I think Stewart is fairly standard for STEM departments and not at all standard for social sciences and humanities.
Plato’s dialogues are assigned in many Philosophy classes that count for general ed requirements, but I’m not sure how many non-Philosophy students fulfill their requirements in those classes.
My Comp classes used a lot of short stories that I had never heard of before to help guide our writing, so I’m not sure that English 101 classes are necessarily where you’ll find most-assigned books.
The Scarlet Letter
Red Badge of Courage
The Seventh Cross
The Crucible
A Tale of Two Cities
Great Expectations
What would have been FAR, FAR better for everyone is in lieu of most of this, a course on basic finance, economy, money management, investing (how markets work etc). There is no course like this in high school, but there needs to be.
NO ISBN TITLE AUTHOR PUB DATE
1 0321543254 Biology with MasteringBiology (8th Edition) Campbell, Neil A. 12/7/2007
2 0073379611 Managerial Accounting Garrison, Ray 2/9/2009
3 0136006175 Chemistry: The Central Science (11th Edition) Brown, Theodore E. 1/8/2008
4 0495011665 Calculus: Early Transcendentals (Stewart's Calculus Series) Stewart, James 6/7/2007
5 0470374942 Intermediate Accounting Kieso, Donald E. 3/23/2009
6 0321489845 Biology: Concepts and Connections (6th Edition) Campbell, Neil A. 2/28/2008
7 0470084715 Principles of Anatomy and Physiology Tortora, Gerard J. 4/2/2008
8 007310597X Understanding Business Nickels, William 11/9/2006
9 0073375691 Economics (McGraw-Hill Economics) McConnell, Campbell 10/24/2008
10 071677108X Lehninger Principles of Biochemistry Nelson, David L. 2/1/2008
Every college curriculum for virtually every major out there requires a ground-level lit course. Your “English 101” course. This course can be taught by tenure-track faculty but more often than not, it’s an adjunct or graduate instructor. These folks are unlikely to have their own book, and in some cases may be teaching the course that is not really their main focus.

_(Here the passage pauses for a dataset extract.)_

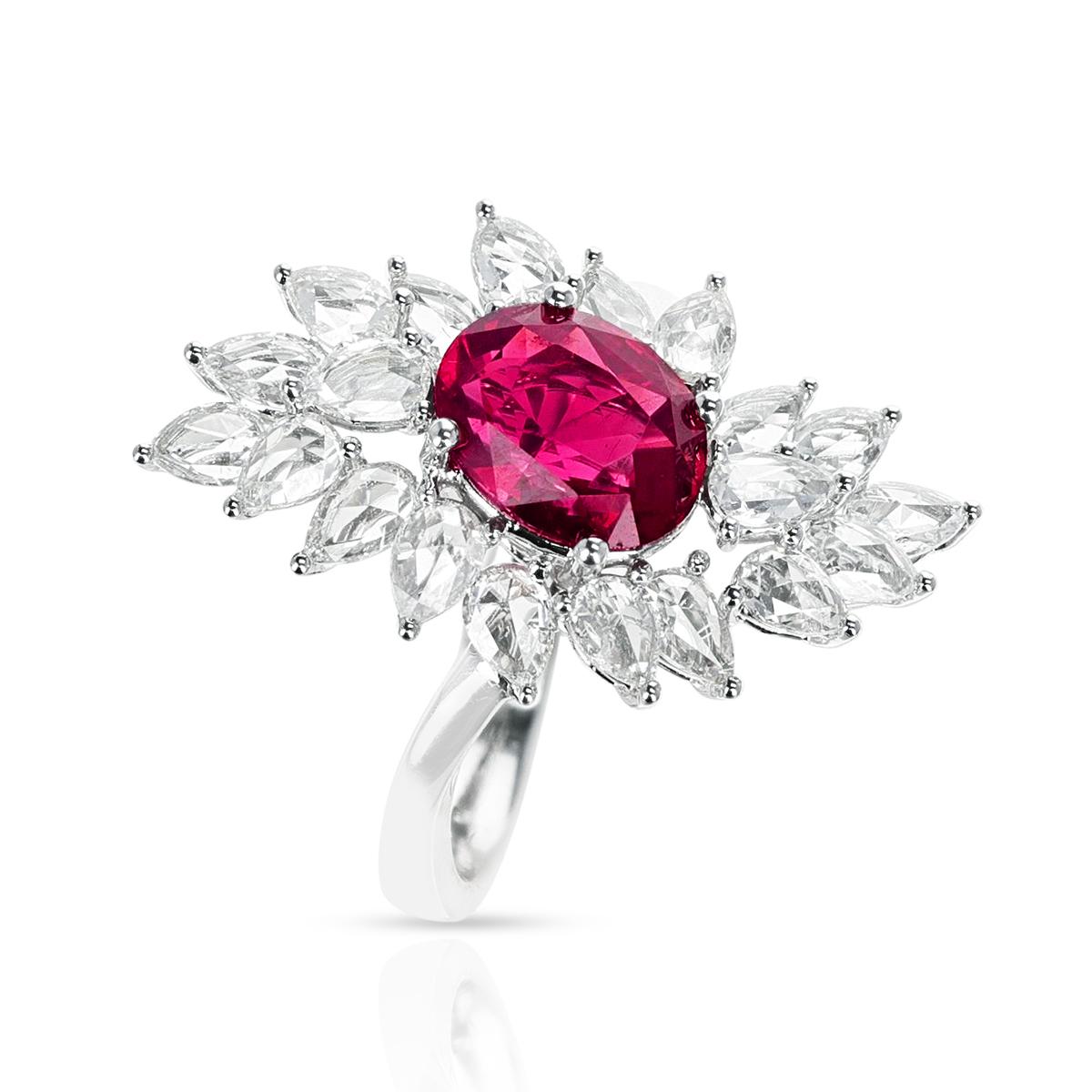 A GRS Certified Oval-Orangy Pinkish Red 2.65 ct. Tanzanian Spinel and Diamond Cocktail Ring made in 18 Karat White Gold. The diamonds weigh appx. 1.71 cts. The total weight of the ring is 6.83 grams. The ring size is US 7.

As an instructor I’m aware that the number of books and the price of books matters greatly to students. It can influence your evaluations, especially if students buy books and feel they weren’t useful or needed. So instructors tend to look for anthologies that cover a broad topic so they can select a number of readings instead of having students buy five separate books, or whatever.

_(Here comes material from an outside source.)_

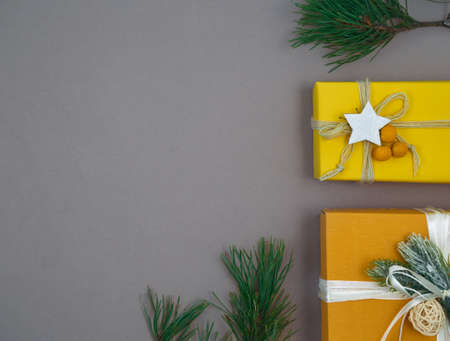 Handmade christmas gift boxes. Top view.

Norton is a really good reader (I used it in high school and college), is readily available, and in all likelihood can be sold back at a good price.
I went through high school and several college lit classes at a top-20 university, and I have never heard of Maus. So, just no.
I did, in my school career, have to read Jane Eyre twice, once in HS and once in college; and I also was assigned Lolita twice (two different college courses).
Most of the other books I had to read have been mentioned above. I do recall that for Dickens, my high school senior English teach assigned Dombey and Son instead of Great Expectations because she knew that Cliff Notes did not exist for D&S.
I took a 20th C. American Lit class in college, and I think the most recent book we read was Saul Bellow’s Humboldt’s Gift. That was published in '75, and this was in about '88, so that’s not too bad. Most of the reading was earlier though: Fitzgerald, Steinbeck, Hemingway, Faulkner, O’Conner. I think one of my Lolita assignments was in this class too.
I’ve never heard of *The Norton Anthologies *& neither did my major require an English lit course. Of the books in post #3, I read 8 of them in high school, as well as many others mentioned in this thread (A Separate Peace, A Prayer for Owen Meany, Night, etc.)